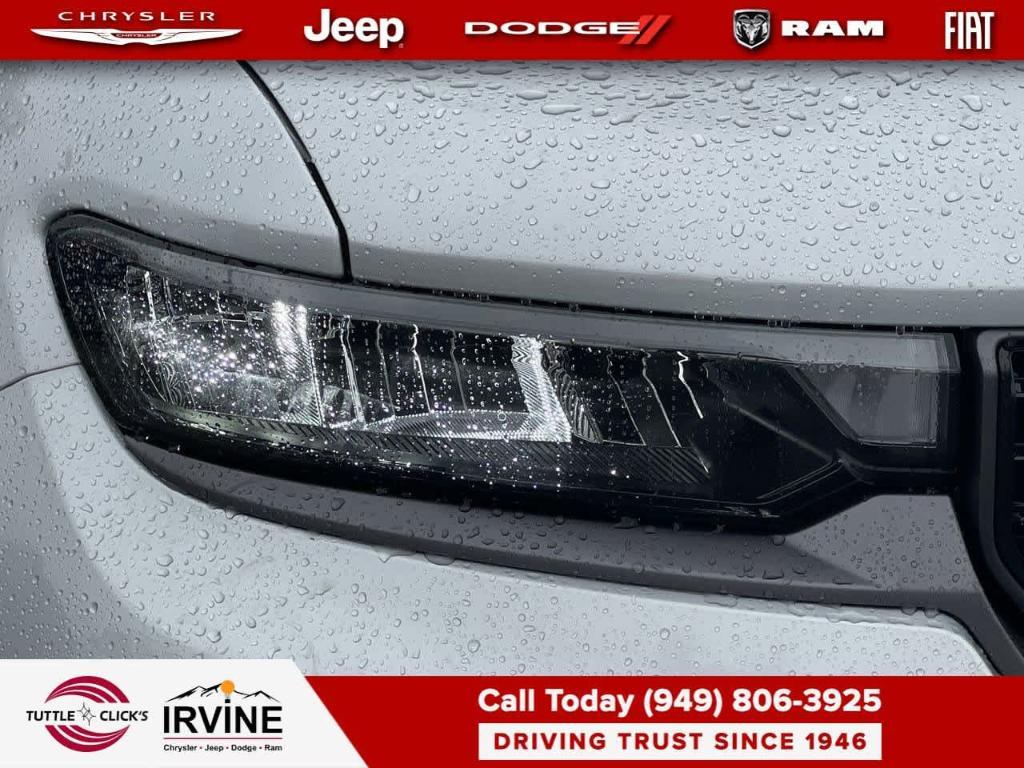 new 2026 Jeep Grand Cherokee car, priced at $49,520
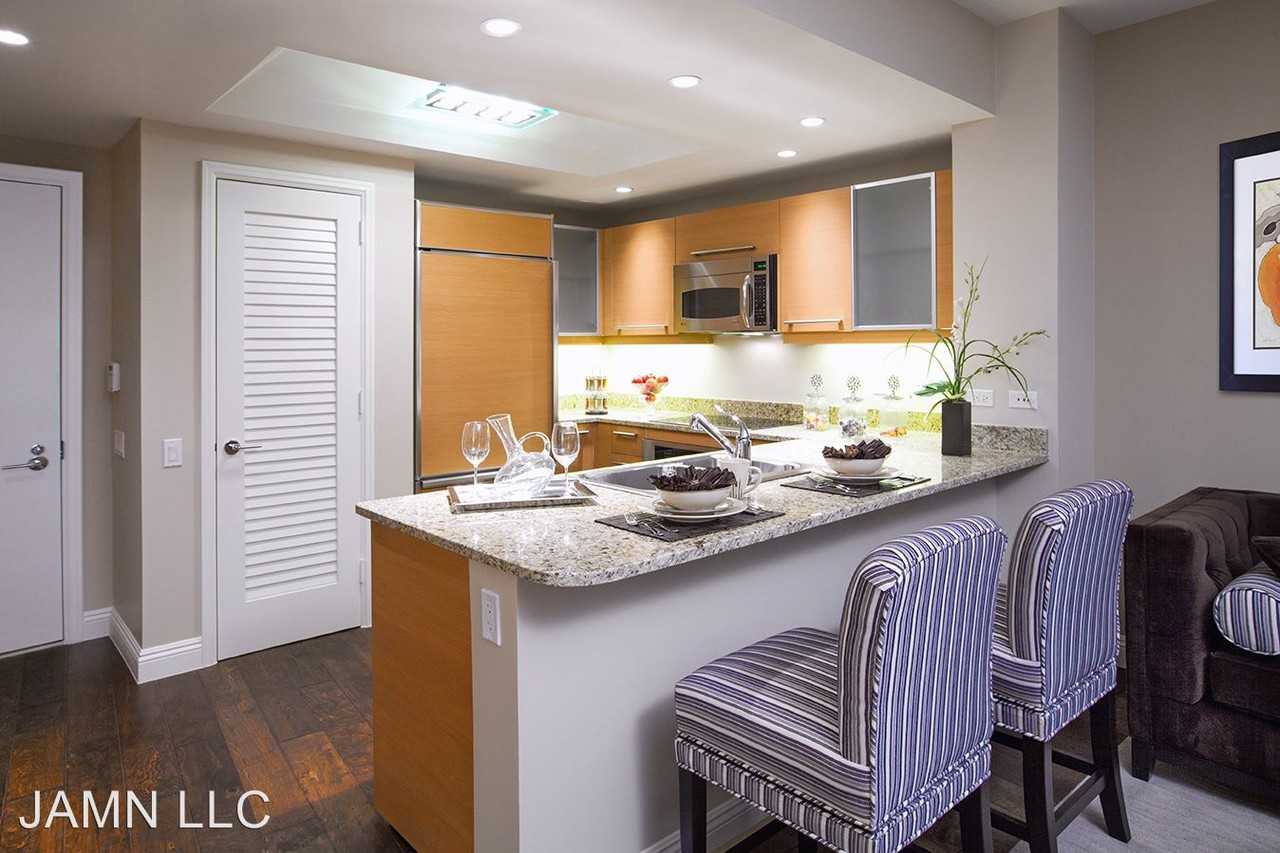 222 Karen Ave - Photo 3 of 10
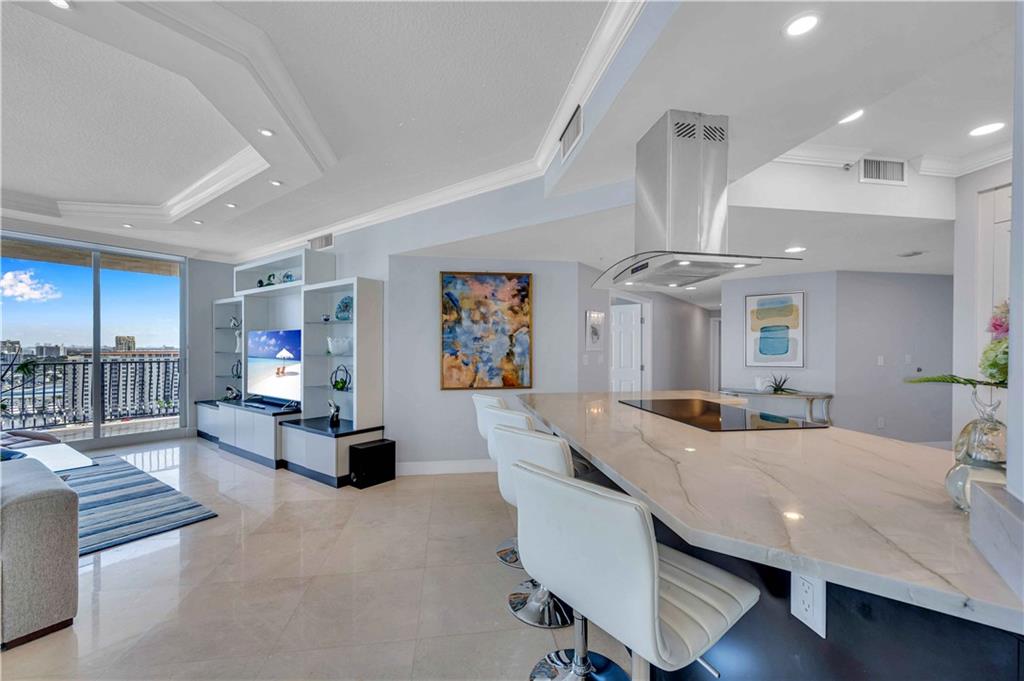 JACKSON TOWER LAS OLAS - Residential
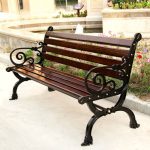 Moderne Outdoor-Bank mit Sitzfläche aus Haferflocken-farbenem Ingenieurholz, geschwungener Armlehne und Rückenlehne, Kaffee, 59"L x 16"B x 30"H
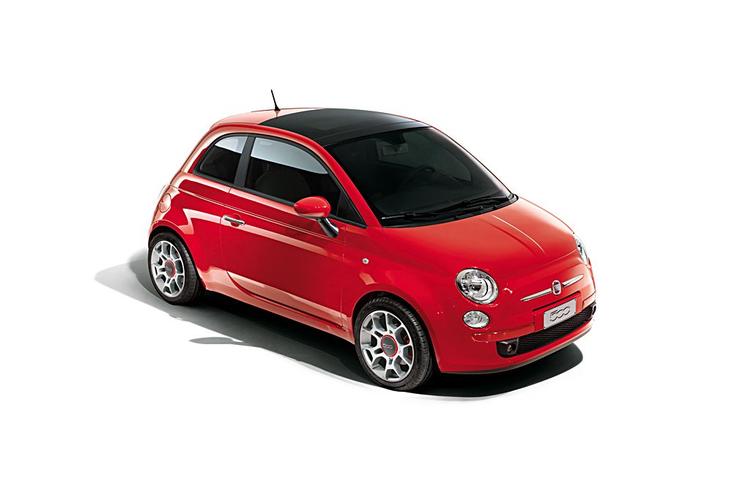En specialdesignet Fiat 500 skal fremover være kundebil hos Ferrari. 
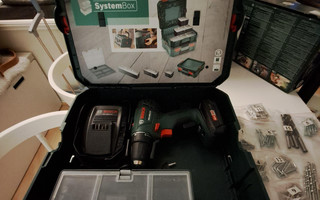 Akkuporakone Bosch + systembox + tarvikkeet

□ □ □

• _ASSIGNED TASK_: Every line from the one with "Moderne Outdoor-Bank mit" through the last line of the material gets printed exactly, and nothing more. Omit the pictures.

• _RESULT FOR THIS EXERCISE_:
 Moderne Outdoor-Bank mit Sitzfläche aus Haferflocken-farbenem Ingenieurholz, geschwungener Armlehne und Rückenlehne, Kaffee, 59"L x 16"B x 30"H
En specialdesignet Fiat 500 skal fremover være kundebil hos Ferrari. 
 Akkuporakone Bosch + systembox + tarvikkeet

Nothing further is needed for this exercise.